Published: Dec 22, 2015 06:38:44 AM IST
Updated: Apr 20, 2023 11:12:22 AM IST
Shah Rukh Khan: Dreams, unlimited
Image: Avinash Gowariker; Stylist: Aki Narula; Hair: Raaj Gupta; Makeup: Arun Indulkar
Forbes India celebrity 100 Rank No. 1

The smell of cigarette smoke accompanies us all the way from the foyer to the elevator and up to the third floor of Mannat Annexe. Shah Rukh Khan is in the building.

Outside, in front of the gate of the sprawling, sea-facing bungalow called Mannat (which, roughly translated, means a wish) in Mumbai’s upscale Bandra Bandstand area, groups of teenagers are busy taking selfies against the famous nameplate. Khan, who turned 50 on November 2, is on a rare day off from shooting—Kajol, the leading lady of his next blockbuster release Dilwale, wanted a break and that forced the megastar to take one as well, something he usually doesn’t like doing. The upside: It enabled him to catch up on much-needed sleep.

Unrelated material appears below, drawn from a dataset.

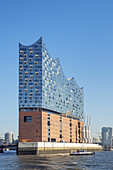 Elbphilharmonie an der Elbe, HafenCity, Freie Hansestadt Hamburg, Norddeutschland, Deutschland, Europa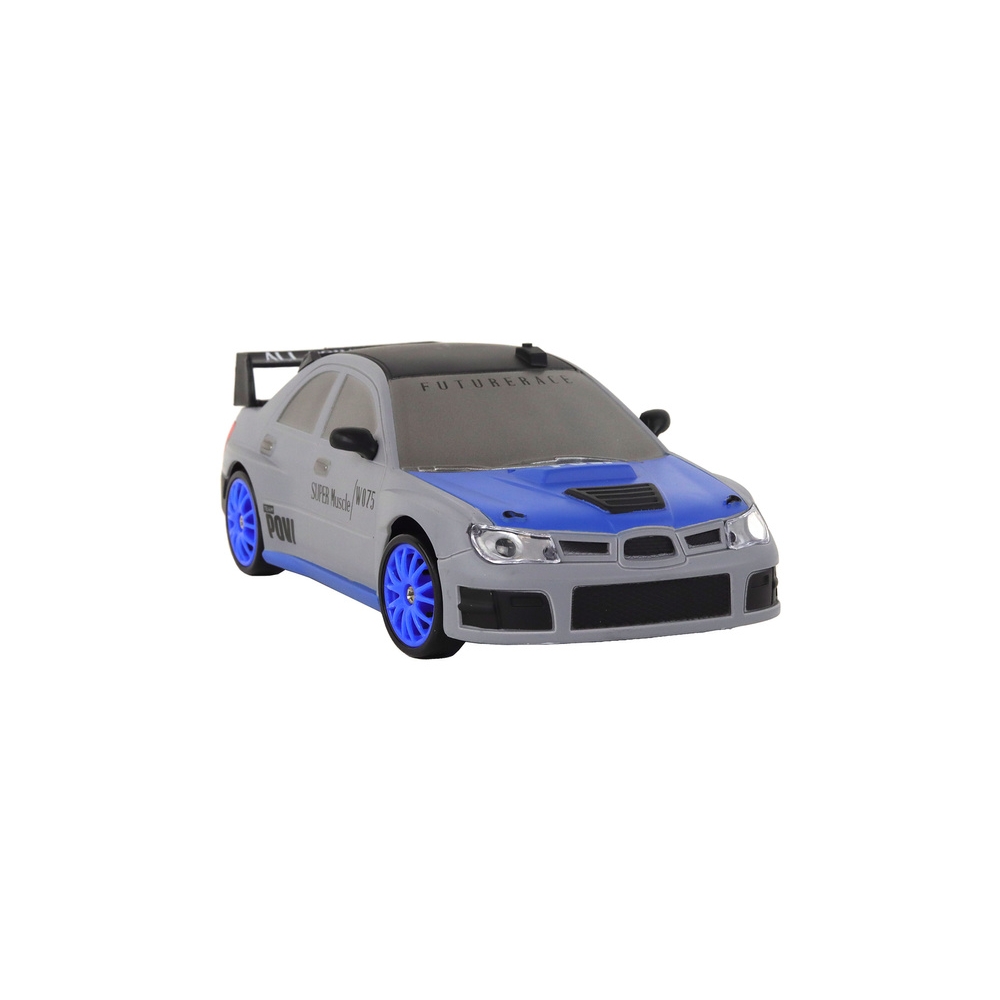 Nuotoliniu būdu valdomas R/C sportinis automobilis 1:24 Pilka spalva Keičiami ratai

As we enter the library where Khan meets visitors, he gets up and hobbles towards us warmly—he is recovering from yet another leg injury. Dressed in a casual blue jersey, blue jeans and matching blue sneakers, Khan has been busy with his Mac, a self-balancing IO Hawk skateboard next to him. Around the room lie empty coffee cups and glasses of water, proof that despite the rare off-day from the sets, the superstar, who has reclaimed his top place in the 2015 Forbes India Celebrity 100 List, has been having a busy day meeting visitors.

This promises to be a most interesting phase for Shah Rukh Khan’s career. The actor-turned-entrepreneur—who owns production house Red Chillies Entertainments (which has morphed from the earlier Dreamz Unlimited which he owned with actor Juhi Chawla and director Aziz Mirza), Indian Premier League cricket franchise Kolkata Knight Riders (with friend Chawla and her husband Jay Mehta) and children’s entertainment company KidZania—has decided he will now do not just one, but around three films a year.

The slate of his upcoming films is diverse and will test both his artistic and business acumen. There’s his next release, home production Dilwale directed by Rohit Shetty, with whom Khan made the runaway hit Chennai Express. Then there’s the Rahul Dholakia-directed Raees, a thriller set in Gujarat, which is a co-production with Excel Entertainment of Ritesh Sidhwani and Farhan Akhtar, followed by Yash Raj Films’ Fan, another film Khan is extremely excited about. Khan is also in talks with directors like Aanand L Rai and Gauri Shinde for two other films.

The key here is, Dilwale apart, all the directors Khan is working with belong to the new crop of filmmakers who make movies quite differently from the usual commercial blockbusters that fans have come to expect. And that’s why Khan, who began his acting career doing theatre and has often dabbled in movies which do not strictly fit the regular commercial cinema scheme of things (think Asoka (2001), Swades (2004), Paheli (2005)), is excited.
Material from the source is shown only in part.